He/she is mentioning that an obtained client can always be hacked, no matter what, and the reader of the original comment may not realize that.

> He/she is mentioning that an obtained client can always be hacked, no matter what, and the reader of the original comment may not realize that.

That pointless remark misses the whole point. Even though ideally an attack vector would be eliminated, it's already good enough if it becomes unexploitable by the vast majority of potential attackers. That's why there is a whole field called "app hardening" as in a sliding scale instead of "perfect app protection".

I think the vast majority of HN users would realize that. Is it important for the few that don’t? Perhaps

The original commenter clearly didn't understand it, since they asserted that "statically linked libraries prevent this attack vector".

Which is unambiguously not the case, they merely slow it down by a small margin.
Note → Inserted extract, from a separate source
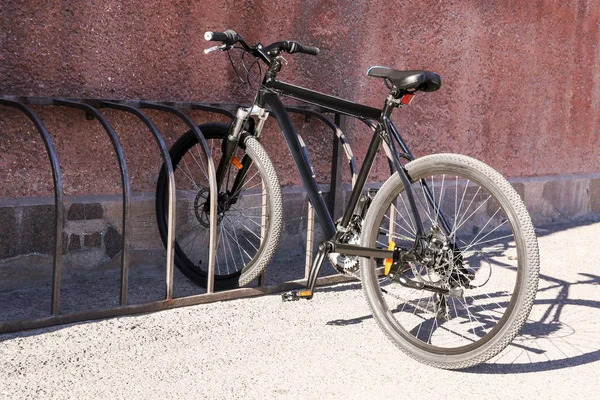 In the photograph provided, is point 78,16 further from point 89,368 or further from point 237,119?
point 89,368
It's a true statement; LD_PRELOAD cannot be used with statically linked binaries. You can "fiddle" in other ways, but not by using the LD_PRELOAD attack vector (although personally I wouldn't call it an "attack vector", although in some cases it could be where you can upload a malicious file and control the environment of another program somehow, or something along those lines).

>Which is unambiguously not the case, they merely slow it down by a small margin.
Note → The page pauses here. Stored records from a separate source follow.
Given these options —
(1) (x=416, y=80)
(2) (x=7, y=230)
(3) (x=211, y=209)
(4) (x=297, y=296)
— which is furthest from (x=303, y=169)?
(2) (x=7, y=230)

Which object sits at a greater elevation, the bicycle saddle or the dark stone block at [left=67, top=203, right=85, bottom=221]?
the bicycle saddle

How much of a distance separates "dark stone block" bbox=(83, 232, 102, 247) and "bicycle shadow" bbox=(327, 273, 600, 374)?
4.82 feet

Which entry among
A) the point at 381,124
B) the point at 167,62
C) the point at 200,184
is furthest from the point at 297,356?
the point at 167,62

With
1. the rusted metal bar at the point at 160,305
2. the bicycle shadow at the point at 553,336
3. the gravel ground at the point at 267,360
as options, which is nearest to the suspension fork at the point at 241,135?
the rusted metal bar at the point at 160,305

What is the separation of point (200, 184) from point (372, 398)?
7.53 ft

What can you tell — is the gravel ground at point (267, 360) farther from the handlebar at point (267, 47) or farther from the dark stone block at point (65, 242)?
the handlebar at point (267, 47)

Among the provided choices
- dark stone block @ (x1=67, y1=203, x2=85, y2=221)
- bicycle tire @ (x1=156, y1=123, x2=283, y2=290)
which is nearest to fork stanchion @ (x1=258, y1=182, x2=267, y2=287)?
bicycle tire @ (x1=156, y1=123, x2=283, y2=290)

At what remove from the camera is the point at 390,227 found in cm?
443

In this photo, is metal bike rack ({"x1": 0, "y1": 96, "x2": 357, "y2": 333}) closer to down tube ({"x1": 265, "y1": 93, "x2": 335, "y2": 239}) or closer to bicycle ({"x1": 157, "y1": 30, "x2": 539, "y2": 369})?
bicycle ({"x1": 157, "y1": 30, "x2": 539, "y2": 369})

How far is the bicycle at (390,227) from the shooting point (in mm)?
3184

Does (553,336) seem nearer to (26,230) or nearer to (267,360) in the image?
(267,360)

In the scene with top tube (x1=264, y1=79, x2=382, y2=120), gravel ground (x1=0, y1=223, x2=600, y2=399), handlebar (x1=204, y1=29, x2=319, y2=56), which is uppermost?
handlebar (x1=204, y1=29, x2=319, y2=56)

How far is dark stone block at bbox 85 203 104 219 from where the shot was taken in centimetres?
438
When you are using shared libaries, it is fairly trivial to hook into the library calls and replace them with whatever you want. When you are using static libraries, the linker and optimizer could for example inline the machine code directly in the application code. What tools do you have to do similar tricks with statically compiled binaries?

messing with executable binaries is undoubtedly harder but not impossible.

LD_PRELOAD is the specific attack vector that is prevented by static linking. They made no claim that static linking prevents all forms of tampering.